There are two strands to my most recent work which focuses on (1) the role of women religious (or nuns) in and outside of Ireland and (2) women and public space/the built environment during the nineteenth and twentieth centuries. As part of this second strand, and thanks to the Royal Irish Academy's Charlemont Grant for seed funding, I am a founding member of the Histories of Emotion in the Built Environment (HEBE) research network. HEBE is committed to considering the ways that the history of emotions can help us to better understand the built environment. It aims to facilitate inclusive cross-sectoral discussions between and across discipline and practice. In doing so, researchers will reflect on the methodological opportunities and challenges of using emotional frameworks in the study of the built environment over the next five years. The HEBE network will run a series of seminars and events exploring these topics.

I am currently the Secretary of the Ulster Society for Irish Historical Studies and also run the Irish Diaspora Histories website. I was previously the Book Reviews Editor for the Australasian Journal of Irish Studies and sat on the council of British Association for Irish Studies.
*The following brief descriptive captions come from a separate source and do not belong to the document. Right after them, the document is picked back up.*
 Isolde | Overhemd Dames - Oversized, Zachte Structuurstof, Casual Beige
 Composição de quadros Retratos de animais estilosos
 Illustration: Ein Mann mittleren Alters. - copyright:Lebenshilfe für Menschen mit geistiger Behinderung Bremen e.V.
While I'm a historian by trade, I am currently a lecturer in Liberal Arts at Queen's. I try to take an interdisciplinary approach to my research - bringing together material culture, urban studies approaches, and histories of emotion - so having the opportunity to work with colleagues from across different disciplines is brilliant! It also means that I can work with our wonderful students, who are studying wildly different pathways, to help them to draw themes together from across a variety of modules and approaches - and, as always, I also get to learn from them!
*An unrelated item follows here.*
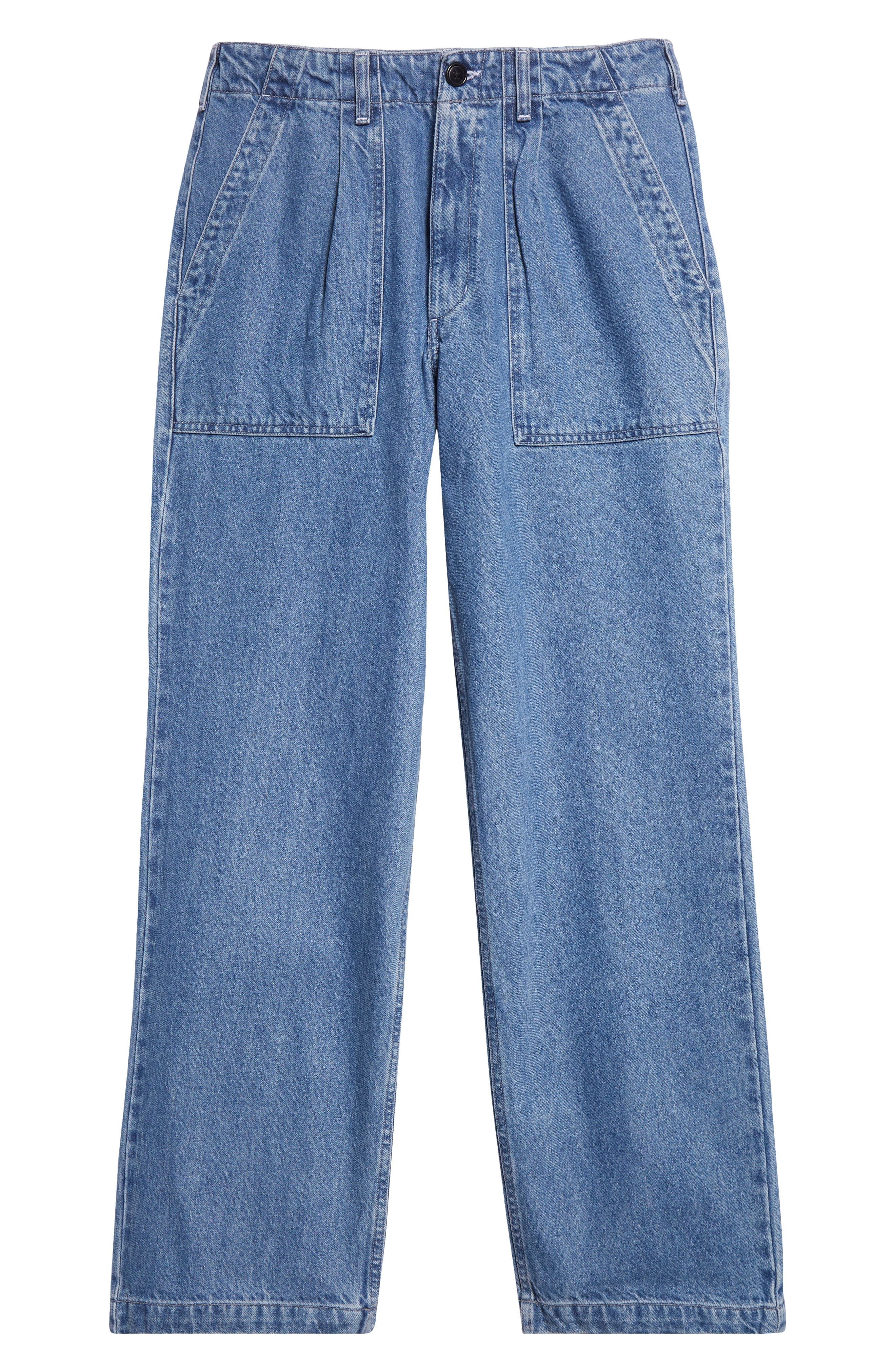 Noah Pleated Denim Fatigue Pants in Indigo at Nordstrom - 6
I am the Subject Lead for the M.Liberal Arts degree programme. This role has lots of different elements, including working with my colleagues to make Liberal Arts as wonderful and rewarding as possible. One of the big elements in this is convening Liberal Arts modules across all four year groups. In the past, I have taught modules which cross my areas of research. Geographically, these have focused principally on Ireland, Britain, the British empire, and North America, while thematically they have largely been on social and urban history. In Liberal Arts, the modules I convene tend to ask big questions about the state of the world and the place of 'the arts and humanities' (however we're defining them) in society.

Modules convened:

LIB1001: Understanding Now (23/24 theme is Migration)

LIB2001: Uses of the Past

LIB3001: Arts & Humanities in the Contemporary World

LIB3003: Work Placement

LIB7005: Migrating Identities


I am the second supervisor on Conor Brockbank's PhD project 'A Growing Irish Transnational Carmel, 1926-1980' and third supervisor for Julie Mathias' PhD project on 'Ireland's Lost Property: An Exploration of the Anatomy Trade in England and Ireland, 1832-1922'. 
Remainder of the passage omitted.